While Big Oil aims to expand its renewables portfolio aggressively, we remain more skeptical over the industry's ambitious plans to grow its end-customer base in electricity and gas. The bigger threat for utilities in their core retail business will more likely be non-oil new entrants.
Selling electricity, natural gas and energy services directly to businesses and households is a strategic growth area for oil majors. Shell and Total plan to grow their portfolios to 5 million and 10 million customers respectively by 2025. While this would still be well below the number of customer accounts held by EON, EDF, Iberdrola and Enel, it would represent a more than 6x increase for Shell and a near-doubling for Total vs. 2019. Most of that growth would likely come from acquisitions rather than organic sources. Since 2018, Total has agreed to purchase 2.5 million customer accounts from utility EDP, Repsol bought Viesgo's 0.7 million-account portfolio, and Shell acquired First Utility, serving 0.8 million households and businesses.
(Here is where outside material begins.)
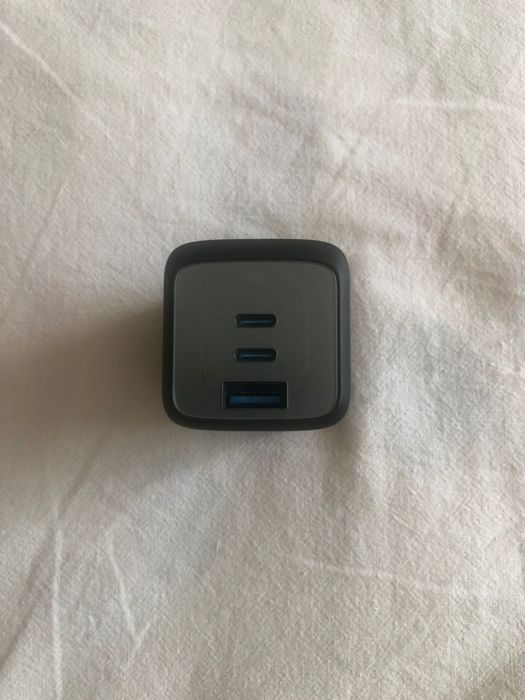 Зарядно устройство Anker GaNPrime 67W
Despite its push into renewables and low-carbon power generation, Big Oil may fail to challenge utilities in the battle for residential customers. Shell has been unable to grow its market share in the U.K. since acquiring First Utility in 2018. The main threat for incumbent utilities may come from new, challenger brands. Focusing on innovation and cost-efficiency has helped Bulb, Octopus and Ovo Energy to overtake Shell and narrow their market-share gap with incumbent utilities EDF and Centrica in supplying gas and power to U.K. households.
Energy retail is a low-margin business and this may prompt oil companies to scale back their plans if they fail to achieve solid, organic growth while maintaining adequate returns.